No regime da alienação fiduciária de bem imóvel, o credor pode retomar o imóvel e vendê-lo para quitar a dívida, sem precisar de um processo judicial completo, mas deve seguir rigorosamente os passos previstos em lei, garantindo sempre a comunicação ao devedor.

  • (A) Correta: A Lei nº 9.514/97 exige que o devedor fiduciante seja intimado para purgar a mora (pagar a dívida atrasada) e, caso não o faça, também seja comunicado sobre as datas, horários e locais dos leilões públicos para a venda do imóvel. Uma notificação não substitui a outra, pois têm finalidades distintas e são etapas separadas do processo de execução extrajudicial.
  • (B) Incorreta: Controvérsias sobre encargos contratuais ou o valor do imóvel, por si só, não impedem automaticamente a alienação extrajudicial e a reintegração na posse. Para que o processo seja paralisado, o devedor precisaria de uma decisão judicial que reconhecesse a relevância dessas controvérsias e determinasse a suspensão.

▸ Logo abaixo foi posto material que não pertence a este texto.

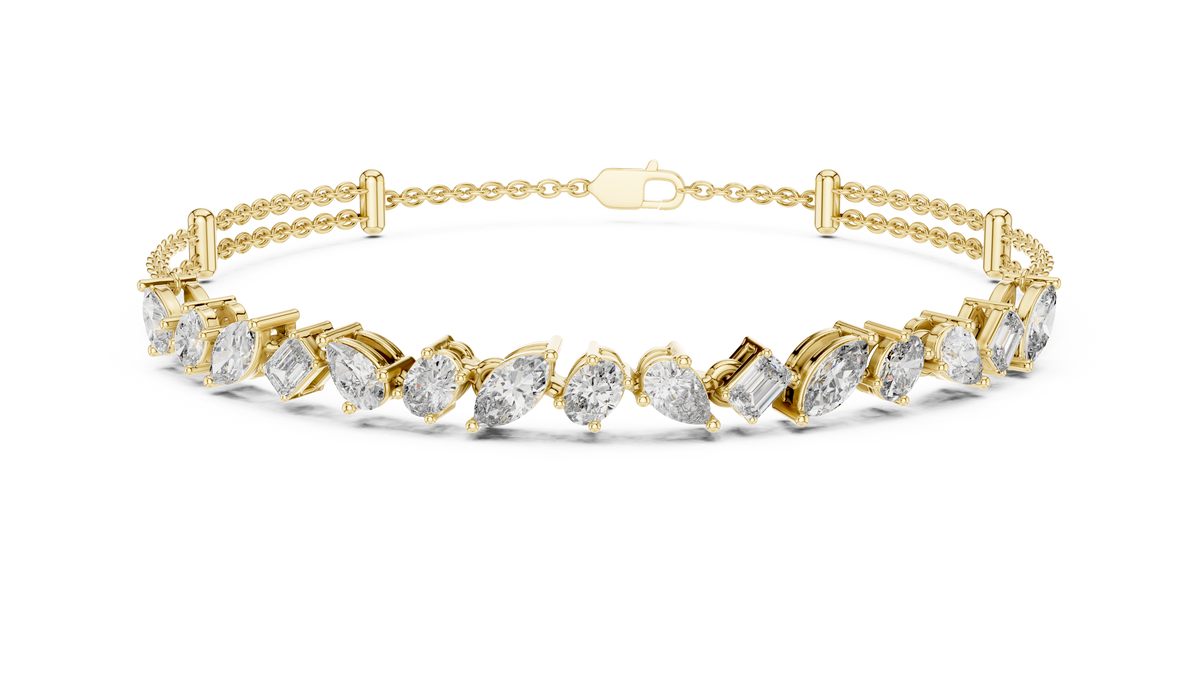 Multi-Shape Fancy Cut Lab Grown Diamond Statement Bracelet with Double Chain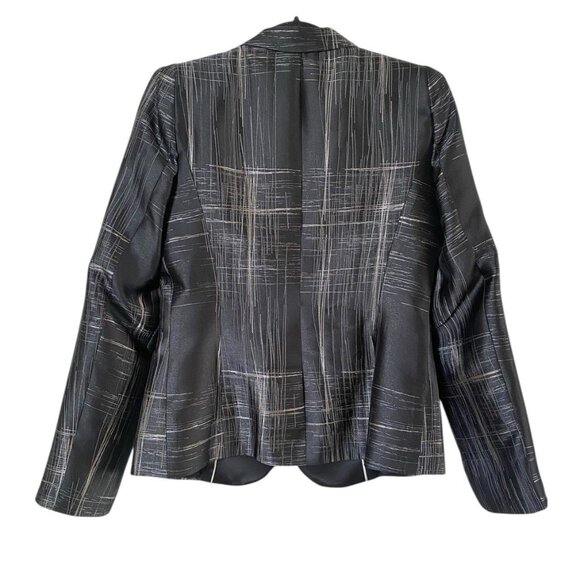 Armani Collezioni Womens Black Silver Metallic Abstract Statement Blazer Size 8 - Picture 2 of 7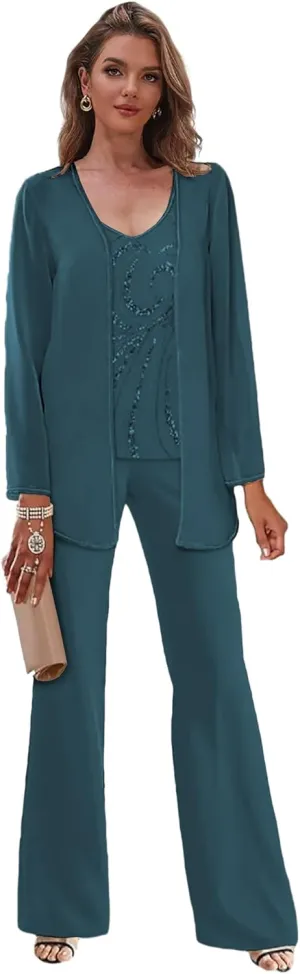 3 Pieces Mother of The Bride Pant Suits for Women Chiffon Wedding Guest Formal Dress Sparkly Long Outfits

  • (C) Incorreta: A taxa de ocupação devida pelo devedor que permanece no imóvel após a consolidação da propriedade em nome do credor é de 1% sobre o valor de avaliação do imóvel (Art. 37-A da Lei 9.514/97), e não meio por cento. Além disso, ela é contada da data da consolidação da propriedade, e não da data da alienação do bem (venda a terceiros).
  • (D) Incorreta: A reintegração na posse é concedida liminarmente para desocupação em sessenta dias (Art. 30 da Lei 9.514/97), e não trinta. Mais importante, ela só é possível após a comprovação da consolidação da propriedade em nome do fiduciário ou do adquirente, e não "independentemente da consolidação da propriedade".
  • (E) Incorreta: A ausência de notificação do devedor fiduciante, seja para purgar a mora ou para os leilões, é uma falha grave no procedimento que pode levar à nulidade de todo o processo de execução extrajudicial, incluindo a consolidação da propriedade e a reintegração na posse. Não se resolve apenas em perdas e danos, pois afeta a validade dos atos praticados. Armadilha da banca: Esta alternativa tenta fazer crer que uma falha processual tão grave teria uma consequência branda (apenas perdas e danos), quando na verdade ela invalida o procedimento, obstando a consolidação da propriedade e a reintegração na posse.

Fonte: FCC TJGO 2021 Juiz Substituto (Caderno Tipo 005). Reproduzida para fins de estudo.